Литературная Газета, 6552 (№ 18-19/2016) | страница 33



И таких несовместимостей наши культуры наработали достаточно, чтобы начинающему толмачу прийти в отчаяние. Я сдался после одной встречи с рядовым, на мой взгляд, автором. Он приехал по делам в Москву, разместился в люксе одноимённой гостиницы. Я принёс перевод его поэмы об окончательной победе бедняков над ненавистными баями. Поэт отвлёкся от застолья, полистал рукопись. Стол с ним делил его штатный, московский переводчик. Он тоже глянул, тоже не одобрил.
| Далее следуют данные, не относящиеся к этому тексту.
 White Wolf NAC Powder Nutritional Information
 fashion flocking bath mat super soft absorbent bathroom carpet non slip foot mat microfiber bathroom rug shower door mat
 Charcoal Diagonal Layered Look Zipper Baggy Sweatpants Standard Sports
Автор ещё раз выпил и закусил удила:

– Не моё! У меня – огонь! Пламя! Я в стихах пою! А у тебя – рычание.

Меня тогда главное – завести, и я поехал: «Хочешь петь? Пей!»
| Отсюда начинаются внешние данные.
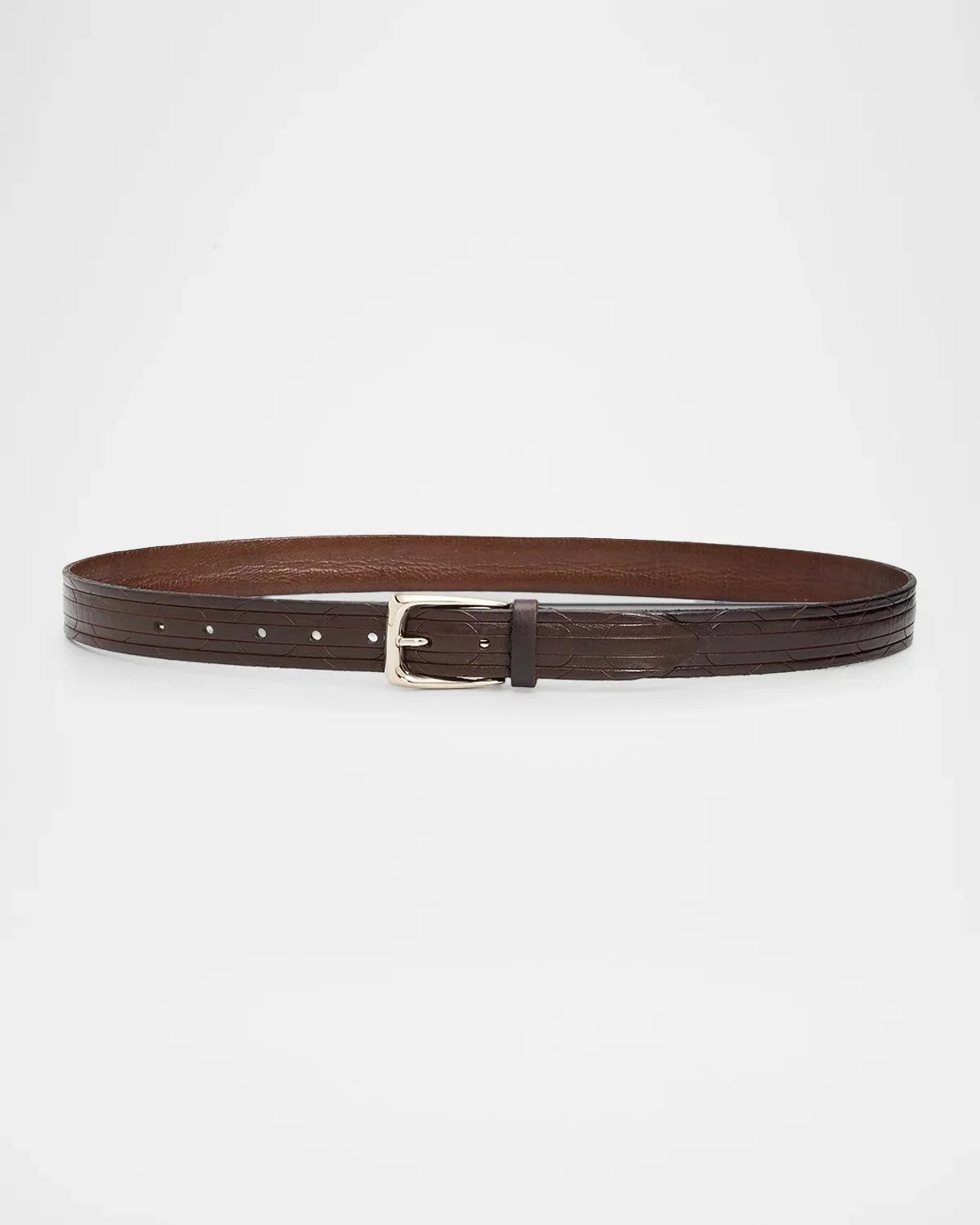 Men's Geometric-Embossed Leather Belt - 1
Покончил с переводческой деятельностью. Начал рифмовать своё.

III

Каждый день ездил троллейбусом от Бутырского хутора (общежитие) до Тверского бульвара (институт) и обратно. На пути следования (где-то посередине) располагалась редакция «Огонька» (ул. Правды). Другие журналы – далеко в стороне от троллейбусного маршрута. Этим и объясняется выбор редакции, оказавшийся счастливым. Первое же стихотворение – «Аргамак» – принёс в «Огонёк». Отделом поэзии заведовал пожилой флегматичный поэт Кудрейко. Книг его не читал, но имя было знакомо по хрестоматии благодаря Маяковскому, в своё время наотмашь охарактеризовавшего московскую литературную среду:

…кудреватые Митрейки,

мудреватые Кудрейки –

кто их к чёрту разберёт!

Кудрейко показался навсегда ушибленным этой оценкой. При разговоре смотрел не в глаза, а на кончик своего красного карандаша, только что вспахавшего страницу с моим творением.
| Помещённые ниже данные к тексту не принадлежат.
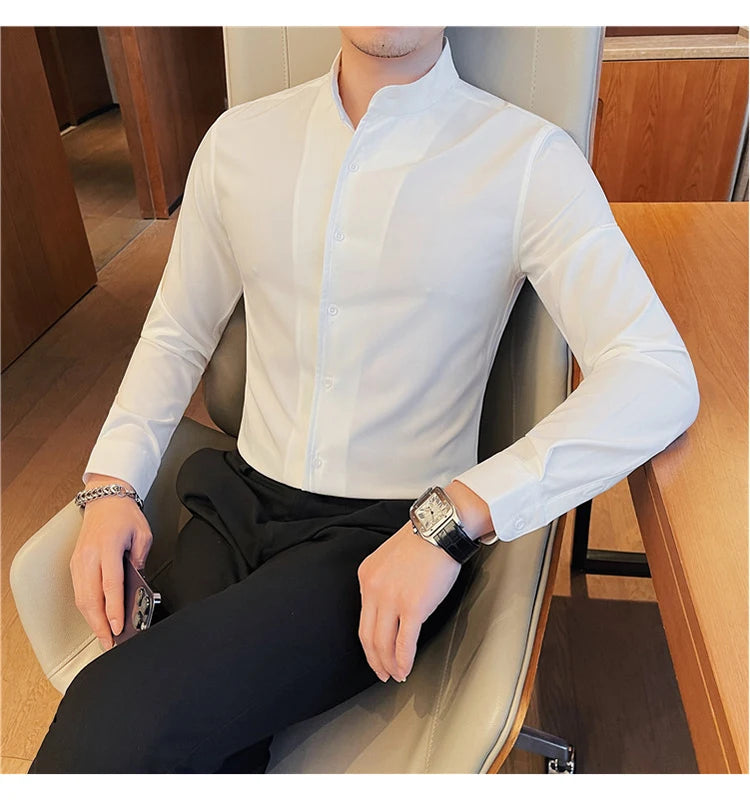 Slim Fit Tuxedo Shirt - Men's Slim Fit Tuxedo Shirt: Elegant and Sophisticated Alex Shogun Men's Clothes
Я переделал, пришёл через неделю. Он опять аккуратно исчеркал и ровным тихим голосом объяснил карательные действия.

Я усиливал, и снова меня отбрасывали на исходные позиции. Крепость Кудрейко не сдавалась, но и во мне нарастало сопротивление.

Возвращался в общагу, до рассвета изводил бумагу. Казалось, предел совершенства: рифмы, аллитерации, образы – всё на месте. Каждый звук – как стук копыта. Они в своём столичном журнале такого степного стиха отродясь не видели!

Машинистка в институтской канцелярии, вздыхая, перепечатывала двадцатый, тридцатый вариант, говорила осторожно-доброе «значительно лучше». Я летел в «Огонёк»!

Потом ехал в общежитие по сумеречной Москве с измятой, окровавленной страницей в кармане пальто. Что теперь? Гео­логию бросил, с переводами не получилось. Возвращаться в Алма-Ату и пожизненно «Трамвайтрест»? Мама в детстве всегда пугала этим таинственным словом: «Если будешь плохо учиться – в Трамвайтрест пойдёшь!» Всё, баста! Хватит с меня мудревато-ноздреватых! В Трамвайтрест!